In Hardee’s Food Systems, Inc. v. Hallbeck, No. 4:09CV00664 AGF (E.D. Mo. Feb. 28, 2012), the United States District Court for the Eastern District of Missouri granted summary judgment to Hardee’s on a claim that its decision to produce purportedly “lewd” television advertisements constituted an abuse of its discretion in overseeing the Hardee’s National Advertising Fund. (Gray Plant Mooty represented the franchisor in this case.) Although the franchise agreement gave Hardee’s “sole discretion” over the advertising and marketing activities financed by the fund, the franchisee alleged that it had been denied the “expected benefits” of its agreement and that Hardee’s had breached the implied covenant of good faith and fair dealing.

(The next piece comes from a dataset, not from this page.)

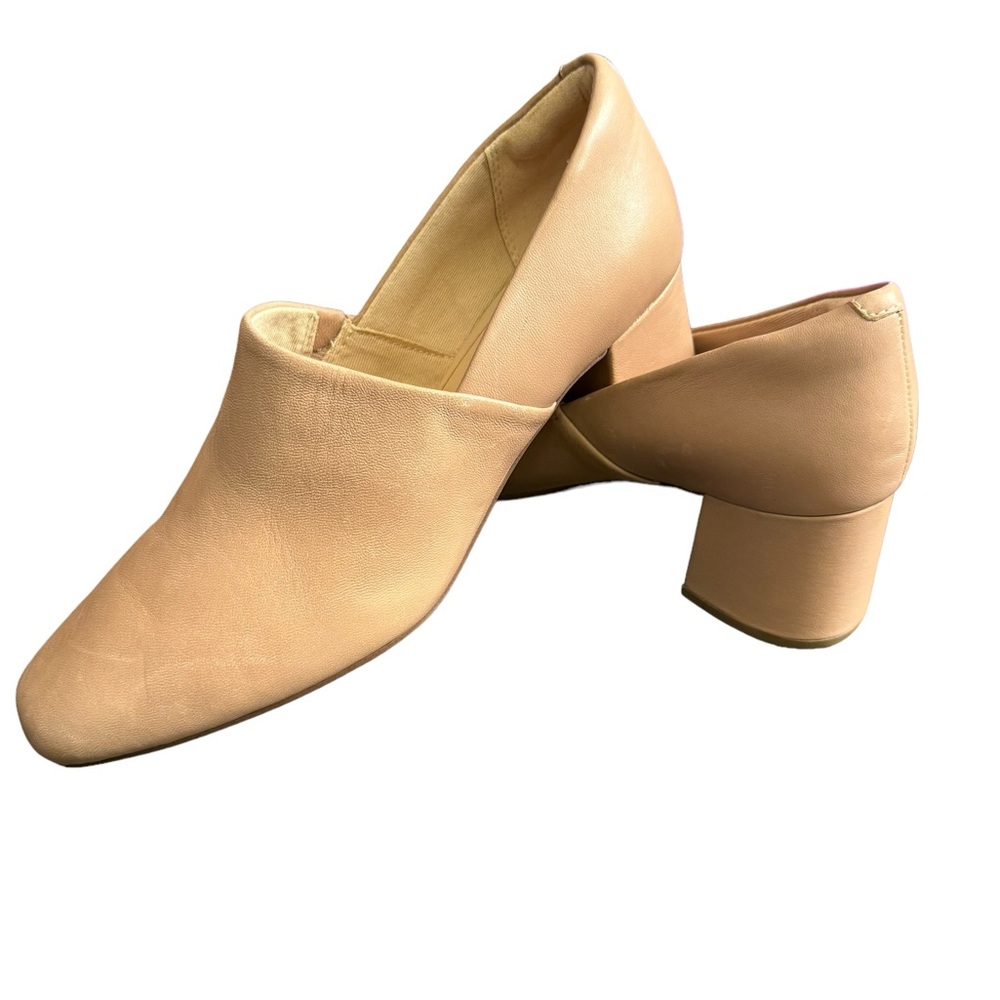 NWOB Clarks Cushion Women's Pure Tone Leather Block Heel  Shoe Size 39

The record demonstrated that Hardee’s undertook the advertising campaign to promote its brand, that Hardee’s worked with a national advertising firm to create the campaign, and that senior Hardee’s personnel closely monitored consumer reaction to the campaign. The court found that Hardee’s had made a strategic marketing decision “in what it believed was the best interests of the Hardee’s brand,” and held that such activity did not constitute the type of “opportunistic” and “exploitive” conduct that the implied covenant was meant to address. The court also found that the franchisee’s knowledge of the advertising campaign before renewing its franchise agreement precluded its argument that it was denied the expected benefit of the agreement.